Pros of a Solar Heater
-Cheap to maintain
Cons of a Solar Heater
-High upfront cost
-Won’t operate at night or cloudy days
Choosing the right size pool heater
Pool heaters are measured in BTU (British Thermal Unit) ratings. A BTU is the amount of energy needed to heat one pound of water by one degree Fahrenheit. Therefore, the higher a heater’s BTU rating, the faster your pool will heat up. Likewise, the larger your pool, the more you’ll want to get a heater with a high BTU rating.
It’s important when choosing your heater that you carefully take into account what size you’ll need to maintain that perfect water temperature. To do so, you need to know two things: the surface area of your pool, and the temperature you wish your water to be.
You can find your pool’s surface area by multiplying its length by its width for rectangular pools. Then for the second factor, subtract the average temperature of the coldest month you plan on using your pool from your ideal water temperature. You’ll use that difference in this calculation:
Area of pool x temperature difference (℉) x 12 = BTUs needed per hour
Solar heaters are sized a bit differently, and it’s typically recommended that people in sunny climates purchase a solar panel that is 70% the size of their pool, or 100% the size of their pool in cloudy climates.
While the above equation and recommendations are suitable for sizing pool heaters, there are several other factors that can be taken into consideration for finding the optimal sized heater, including wind speeds and exposure, humidity, pool covers, temperatures at night, and others. So while it may require a bit more out of your pocket, the best option for choosing the right size is to consult a pool professional. It’ll be better for your pool and for your sanity.
Choosing the right pool heater can be overwhelming and downright frustrating if you don’t know what you need or where to look. The biggest thing to remember though, is not to shop by price alone. You’ll find that, although some heaters may cost more in the beginning, they will save you money over time by lowering your energy repair bills.

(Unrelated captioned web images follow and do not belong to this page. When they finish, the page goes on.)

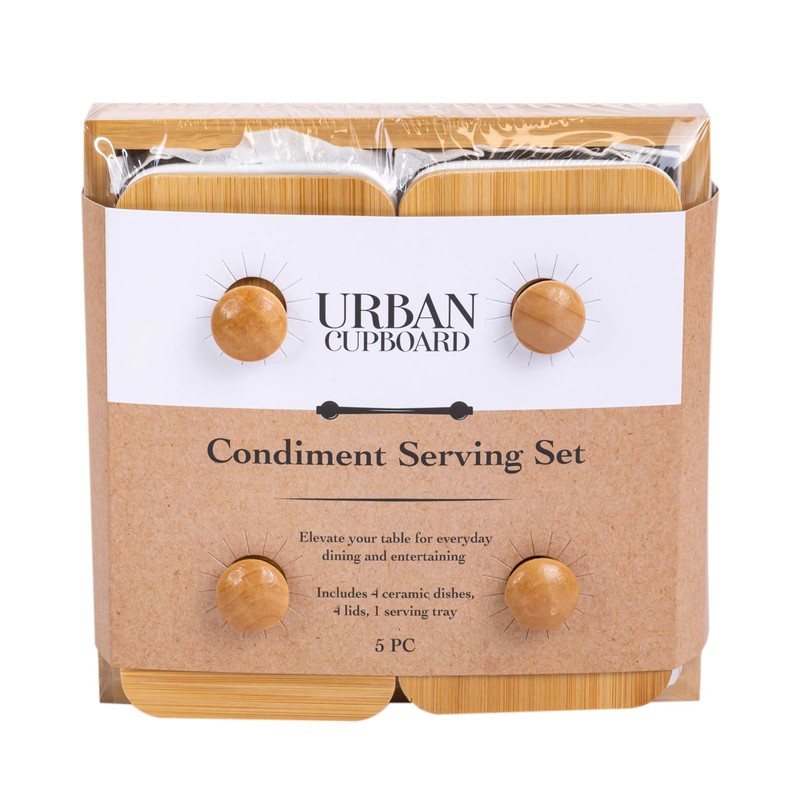 Urban Cupboard Condiment Serving Set, Set of 4, Includes Lids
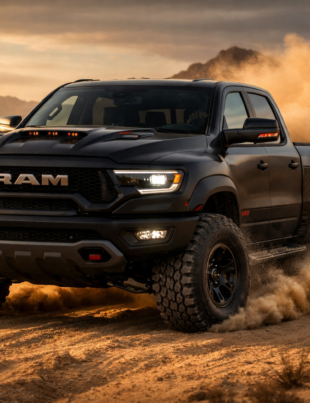 RAM TRX high-performance pickup truck driving aggressively through desert terrain at golden hour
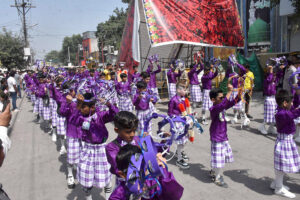 Religious clerics along with large number of people participate in the annual Milad-ul-Nabi procession organized by the Central Milad Committee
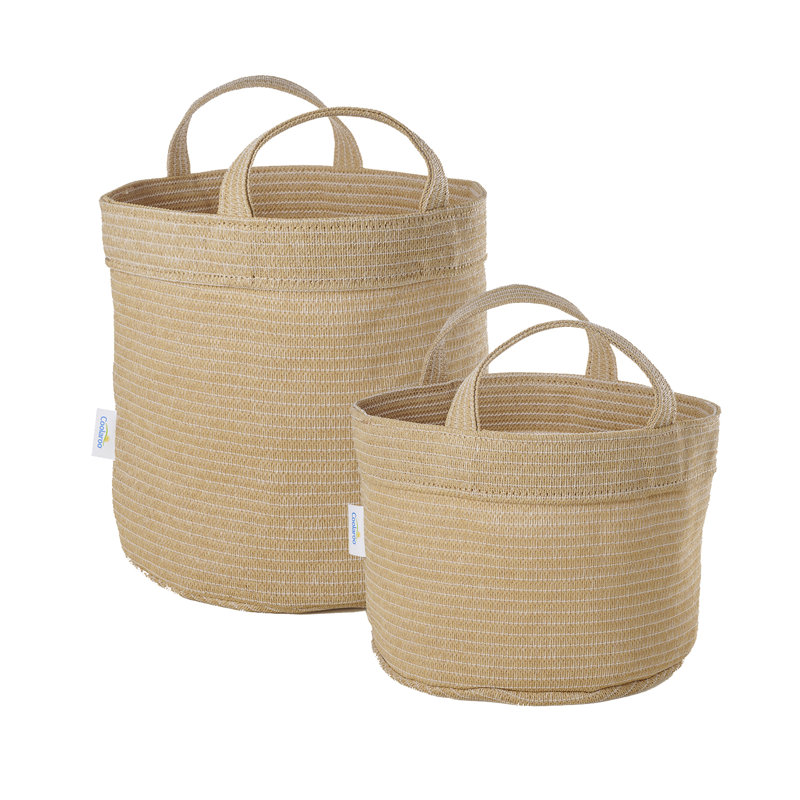 Coolaroo Fabric Decorative Bin, Desert Sand, 32 Qt.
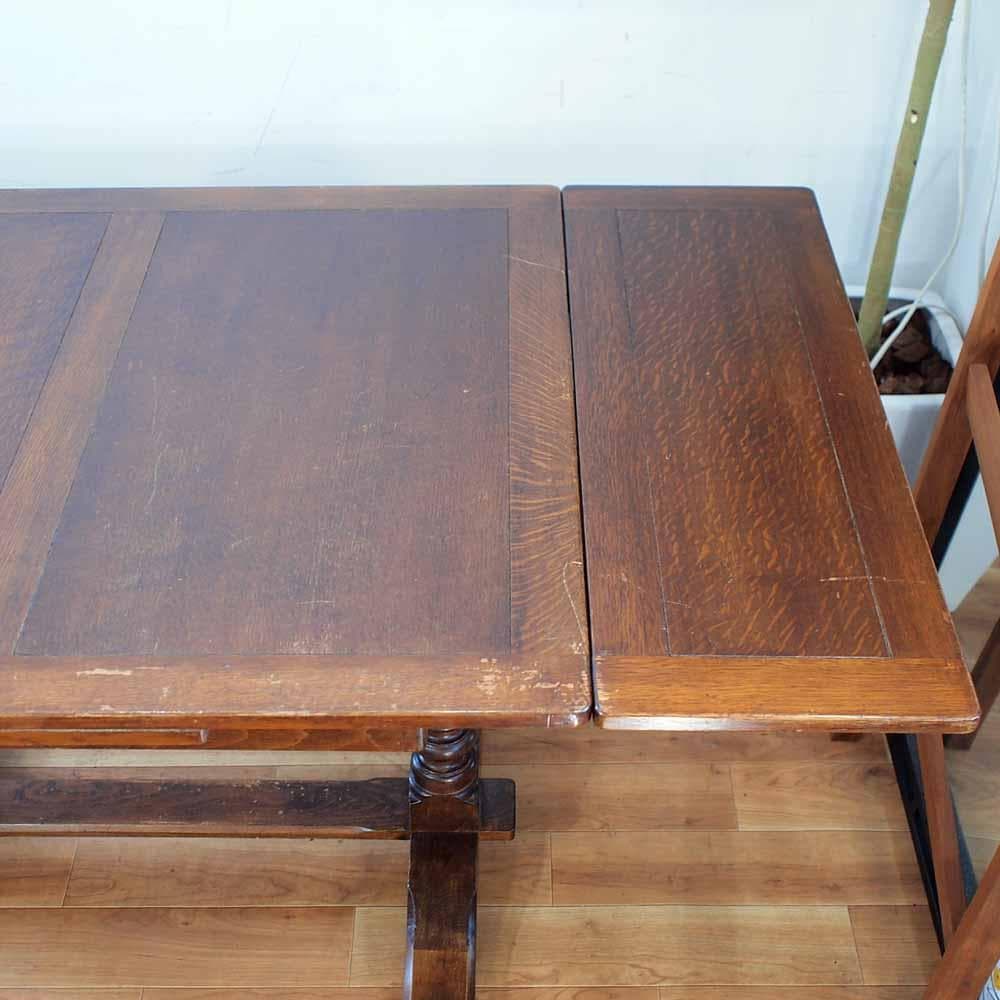 英国アンティーク オーク材 ドローリーフテーブル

You should always start by taking inventory of what your pool needs. Think about where you live, how long you want to be able to use your pool and your pools size to determine how much energy you’ll need to heat it. Once you do that, you’ll be ready to shop around for a pool heater that fits your needs perfectly, allowing you to extend your summer and enjoy swimming in your backyard pool even longer each year.